I’ve gotten several inquiries about how we selected the products we tested in the anti-phishing technology evaluation. That’s a fair question; some companies are unhappy that they were included, and some that they weren’t.

When we defined the parameters for the testing, we selected the vendors that had either browser-based toolbar add-ons or built-in anti-phishing technology in the browser as of May 2006 and that (in our opinion or by market data) had a significant usage presence. There are dozens of products that meet the first test, but not that many that meet the second. We picked the top 8 based on our understanding of actual usage and deployment.
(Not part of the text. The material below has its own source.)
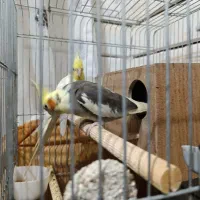 عروس هلندی مولد|پرنده|پیشوا, |دیوار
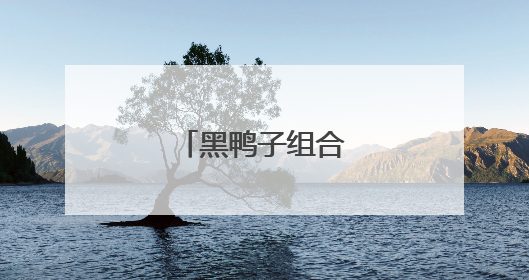 黑鸭子组合成员都有谁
I didn’t want to include payware products because the original objective was for us to help Microsoft understand how well IE 7 worked compared to its biggest competitors– and in this market segment, payware products are at a disadvantage.

Would we have preferred to test all the products? Sure. The team at Carnegie Mellon that did a similar study (with a smaller list of products and a smaller set of URLs) said the same thing. However, we had to draw the line somewhere. When we redo the tests, we’ll probably change the product mix around; I’d expect to see Firefox 2.0 included, and maybe some of the commercial products.
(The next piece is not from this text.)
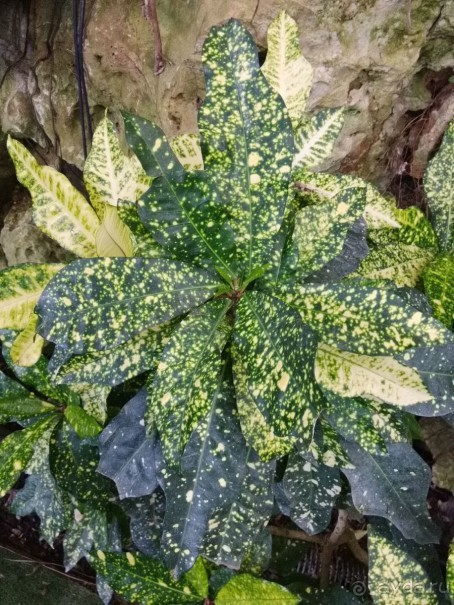 Шалом, Израиль! Часть 8. Парк орхидей "Утопия".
To address Symantec’s complaint, I’d make two points. First, Norton Confidential wasn’t announced until June, so how could we have included it? You’re making the Firefox argument. We only tested products that were publicly available at the start of our time period; we excluded Norton Internet Security 2006 because it was commercial (and I suspect that if we’d tested the 2006 version, we’d be hearing that we should’ve tested the 2007 version instead. Sic transit gloria annual releases…)

Second, it’s pretty worthless to have a blog but not allow comments or trackbacks. That’s not a blog, it’s a monologue. Whatever you think of the quality of Microsoft’s products (including IE), you have to admit that they have aggressively embraced blogging as a way to communicate directly with customers– something I’d like to see more security companies emulate.

Update: fixed the link to McAfee’s SiteAdvisor blog.